- Born: December 14, 1941 Baltimore, Maryland, U.S.
- Died: December 3, 2015 (aged 73) Baltimore, Maryland, U.S.
- Occupations: Author, Actor, Entrepreneur, Community Activist
- Years active: 1960s–1980s (drug trafficking); 2004–2015 (acting);

= Melvin Williams (actor) =

American actor and mobster (1941–2015)

Melvin Douglas "Little Melvin" Williams (December 14, 1941 – December 3, 2015) was an American actor, author, entrepreneur, public speaker, educator, community activist, gambler and reformed drug trafficker. Considered a drug kingpin in the 1960s, Williams was known for trafficking heroin in Baltimore before he was sentenced to prison in 1985. After his release he began working as a community activist to help reform the lives of underprivileged minorities and youth. He later appeared as “The Deacon” in the HBO series The Wire and served as an inspiration for the show.

==Early life==
Williams was born in Baltimore, Maryland. His father worked as a cab driver, while his mother worked as a nurse's assistant.

==Drug trafficking==
Williams was heavily involved with drug trafficking throughout the 1970s and early 1980s. In the FX documentary Tapping the Wire about the HBO show The Wire, Williams volunteers the information that he made at least "a couple hundred million [dollars]" through heroin trafficking. During that time, Williams was a gambler and states that he was framed by Baltimore police for possession of narcotics. He was periodically arrested on minor charges culminating in federal agents, along with the Baltimore Police Department, launching an investigation into his activities in the early 1980s. One of the Baltimore Police Department investigators working on the case was Ed Burns.

On December 6, 1984, Williams was arrested on cocaine trafficking charges. On February 7, 1985, he was convicted and sentenced to 34 years in prison. He served part of his sentence in the Lewisburg Federal Penitentiary. In May 1987, the Internal Revenue Service assessed taxes in the amount of $425,055. While still in prison, his life story was featured in a series of articles written by future The Wire creator David Simon. "Easy Money: Anatomy of a Drug Empire", a series of five articles, was published in the Baltimore Sun in 1987. During his sentence Melvin became extremely knowledgeable about the law and helped other inmates with their cases. Williams was released on parole in 1996.

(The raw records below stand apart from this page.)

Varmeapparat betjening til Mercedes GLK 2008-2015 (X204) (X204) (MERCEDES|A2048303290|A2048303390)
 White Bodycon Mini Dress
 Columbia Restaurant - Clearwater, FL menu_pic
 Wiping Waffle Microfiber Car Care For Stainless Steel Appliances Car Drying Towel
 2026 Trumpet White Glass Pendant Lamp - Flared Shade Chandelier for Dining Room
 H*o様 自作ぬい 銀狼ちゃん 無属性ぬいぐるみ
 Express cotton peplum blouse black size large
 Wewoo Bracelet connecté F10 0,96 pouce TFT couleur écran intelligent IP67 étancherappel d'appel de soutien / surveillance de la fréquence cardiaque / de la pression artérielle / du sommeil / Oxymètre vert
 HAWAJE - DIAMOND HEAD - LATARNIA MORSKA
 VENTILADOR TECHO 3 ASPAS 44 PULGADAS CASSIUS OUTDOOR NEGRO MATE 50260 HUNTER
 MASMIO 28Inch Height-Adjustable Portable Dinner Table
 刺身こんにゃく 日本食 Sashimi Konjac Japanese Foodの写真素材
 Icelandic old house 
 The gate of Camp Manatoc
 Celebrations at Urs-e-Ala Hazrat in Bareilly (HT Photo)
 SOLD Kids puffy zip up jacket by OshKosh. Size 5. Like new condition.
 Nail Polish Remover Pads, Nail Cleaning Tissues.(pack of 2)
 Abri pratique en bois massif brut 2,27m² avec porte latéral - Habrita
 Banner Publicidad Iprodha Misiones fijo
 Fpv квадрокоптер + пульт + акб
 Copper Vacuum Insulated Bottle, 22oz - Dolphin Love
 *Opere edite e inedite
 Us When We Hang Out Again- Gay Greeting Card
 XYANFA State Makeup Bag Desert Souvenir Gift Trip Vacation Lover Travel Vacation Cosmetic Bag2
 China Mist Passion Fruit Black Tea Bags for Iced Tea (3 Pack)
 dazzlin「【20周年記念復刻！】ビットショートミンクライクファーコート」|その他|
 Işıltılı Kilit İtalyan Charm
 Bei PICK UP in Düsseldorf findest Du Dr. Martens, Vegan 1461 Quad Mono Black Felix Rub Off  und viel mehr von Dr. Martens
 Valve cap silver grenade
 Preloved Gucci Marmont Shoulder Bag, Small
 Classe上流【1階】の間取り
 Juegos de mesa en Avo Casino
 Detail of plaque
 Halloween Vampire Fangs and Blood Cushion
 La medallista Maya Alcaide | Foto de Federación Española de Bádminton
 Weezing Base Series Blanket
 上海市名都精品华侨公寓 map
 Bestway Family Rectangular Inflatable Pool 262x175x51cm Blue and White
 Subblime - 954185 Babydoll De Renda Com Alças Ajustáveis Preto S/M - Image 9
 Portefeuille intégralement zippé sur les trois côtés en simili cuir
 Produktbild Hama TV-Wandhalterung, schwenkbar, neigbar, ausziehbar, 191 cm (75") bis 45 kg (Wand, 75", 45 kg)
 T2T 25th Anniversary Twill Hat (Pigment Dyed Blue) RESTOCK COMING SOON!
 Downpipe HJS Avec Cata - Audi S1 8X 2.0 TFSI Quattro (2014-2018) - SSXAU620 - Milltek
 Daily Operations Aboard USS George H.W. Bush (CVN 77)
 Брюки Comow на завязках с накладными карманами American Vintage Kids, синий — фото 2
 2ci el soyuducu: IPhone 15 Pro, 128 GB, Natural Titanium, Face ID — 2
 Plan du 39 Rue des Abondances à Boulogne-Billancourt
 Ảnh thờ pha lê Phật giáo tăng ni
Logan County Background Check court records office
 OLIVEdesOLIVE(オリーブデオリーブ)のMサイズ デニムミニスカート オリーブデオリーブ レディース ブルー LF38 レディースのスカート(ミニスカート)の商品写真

In March 1999, he was convicted of a new offense. Williams, who at the time was on parole was sentenced to 22 years in prison in December 2000 after one mistrial. However, he appealed his sentence and it was overturned due to the sentence being outside of the mandatory guidelines. He was released from prison in September 2003.

==Acting career==
Williams began to appear on the HBO show The Wire during the show's second season. He played the role of the Deacon starting in the third season. The BET show American Gangster profiled Williams in one episode.

In the 1999 film Liberty Heights, the character Little Melvin portrayed by actor Orlando Jones is loosely based upon Williams in the early stages of his career. Other appearances include his cameo in Baltimore hip hop duo Dirt Platoon's video for the song "Pennsylvania Avenue" in 2010.

==Death==
Williams died on December 3, 2015, at the University of Maryland Medical Center in Baltimore, Maryland. According to acquaintances, he was battling cancer.